Il était heureux de voir les rues de la capitale ampurdanaise pleine de vélos, presque toujours sérieusement, voulant que leurs passagers se photographient avec certains des coureurs qui étaient prêts et prêts à prendre la sortie dans le contre-litre par des équipes.
Le visiteur
Le visiteur, d'autres à plusieurs reprises pour ledit et les malheurs de ce sport, a été surpris de voir les fans distinguer les coureurs sous le costume avec le casque et les vêtements. « Mais s'ils semblent tous les mêmes, » des enfants extrêmement minces, comme s'ils avaient faim mais déplacent les pédales à un rythme de rêve.
Il y avait toujours du temps pour un «selfie», qui est la revendication qui a remplacé l'autographe d'une vie. Les téléphones portables ont transformé les vieilles scènes du passé. Personne n'utilise du papier ou du stylo lors de l'approche des étoiles du cyclisme – lorsqu'il est également dans d'autres sports. La célèbre chasse est réduite à tourner la caméra mobile et à prendre une photo dont présumer plus tard et même s'accrocher aux réseaux sociaux.
Pas de pluie, à la fin
Figueres a vécu ces scènes. La journée est apparue grise et a menacé de pluie comme si elle voulait démontrer les éléments que seule l'eau tombe en Catalogne à l'arrivée des cyclistes. Mais le temps s'est calmé, il y a eu une trêve, la course s'est séchée et, Hala, pour profiter d'un après-midi cycliste, encore plus célébré parce qu'avec les pluies du matin, les plages de la Costa Brava ont été vidés et rien de mieux que d'approcher Figueres pour applaudir les héros du retour.

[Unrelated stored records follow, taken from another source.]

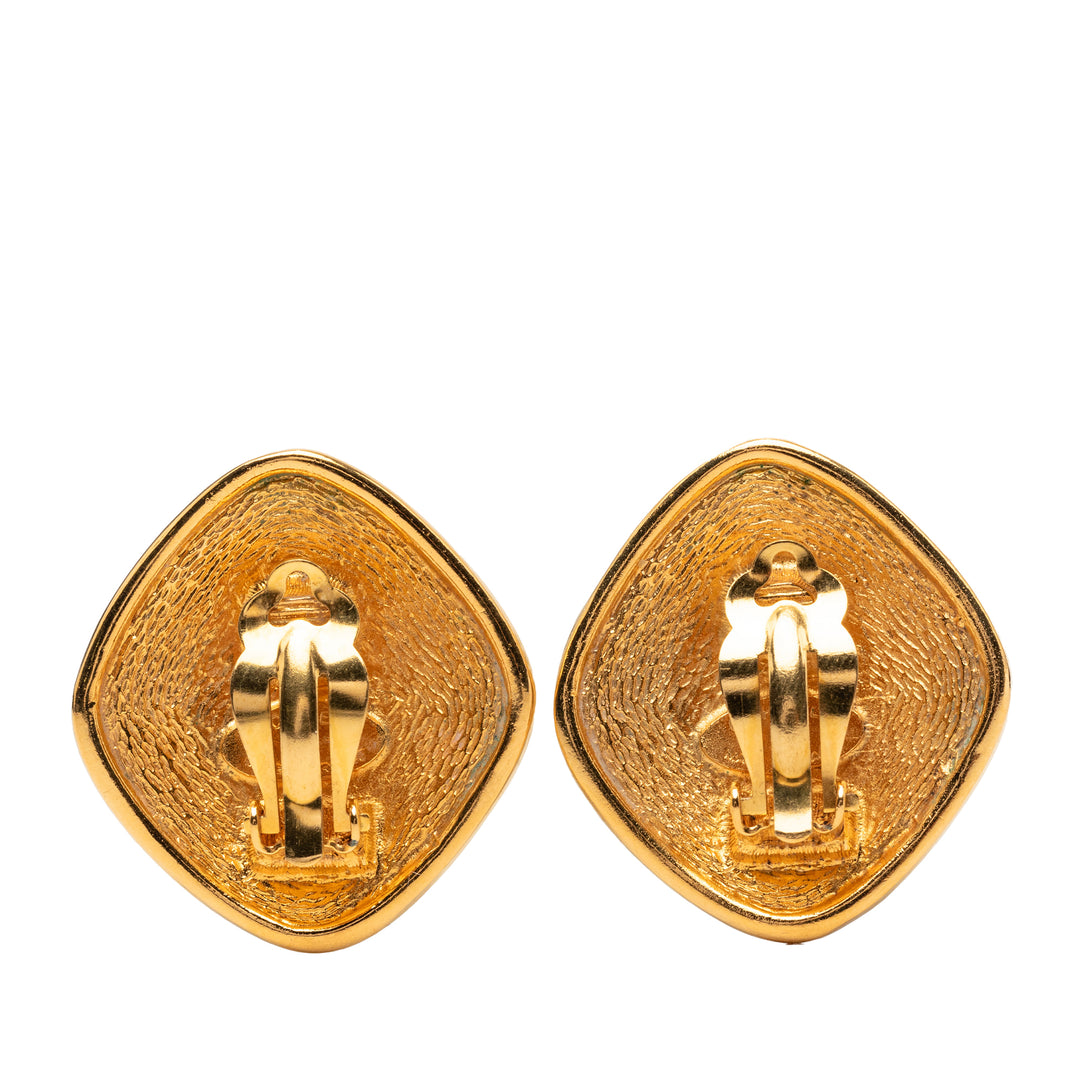 Chanel CC plaqué Diamond À clip Boucles d'oreilles Métal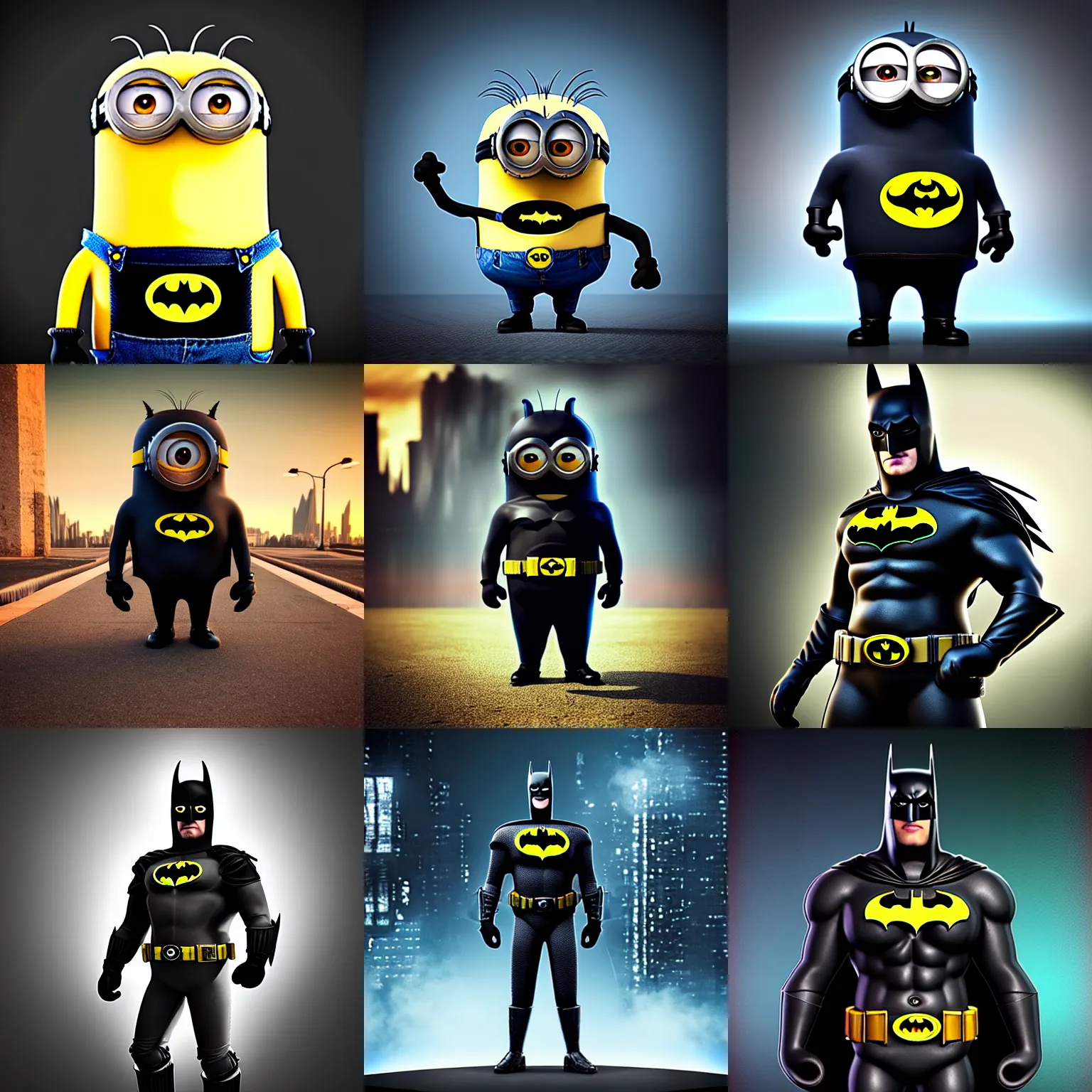 Image similar to “minion batman, full body, UHD, hyperrealistic render, 4k, cyberpunk”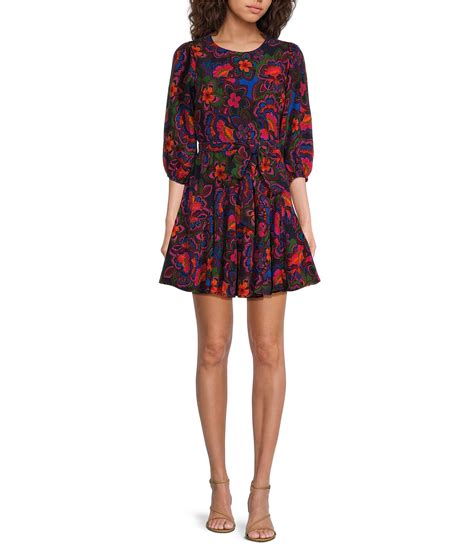 Sugarlips Floral Print Crew Neck Long Sleeve Waist Tie Mini Dress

Cela ne s'était jamais produit auparavant, mais ce n'est pas une excuse pour la répétition de l'expérience à l'avenir, une étape qui parcourt toute l'Empordà, qui monte à Sant Pere de Rodes, où une fois Marco Pantani a quit France, en route vers Troyes; Deux villes précieuses et avec beaucoup d'histoire, comme Figueres, au-delà du musée et de la signature de Salvador Dalí.
Normalité catalane
Les bonnes choses se préparent toujours à se perpétuer et ont vu que dans un endroit appelé Catalogne, de nombreuses situations sont déjà vécues avec une normalité absolue, sans que personne ne cherche trois pieds au chat et qui veut que je montre ses affinités, dans un cadre politique, des drapeaux d'indépendance ou de protestation, les normes palestiniennes, avec une revendication absolument différenciée.
Par conséquent, si l'année prochaine, le retour est né à Monaco et s'approche de la frontière via la France – il n'y a pas d'autre moyen – quoi de mieux que de retourner à Empordà, de vivre toute l'émotion de la race et, d'ailleurs, que Gérone cesse d'être le seul capital provincial qui n'a pas encore vécu une sortie ou une arrivée du retour depuis la création de la course. Que l'exemple de ce mercredi à Figueres.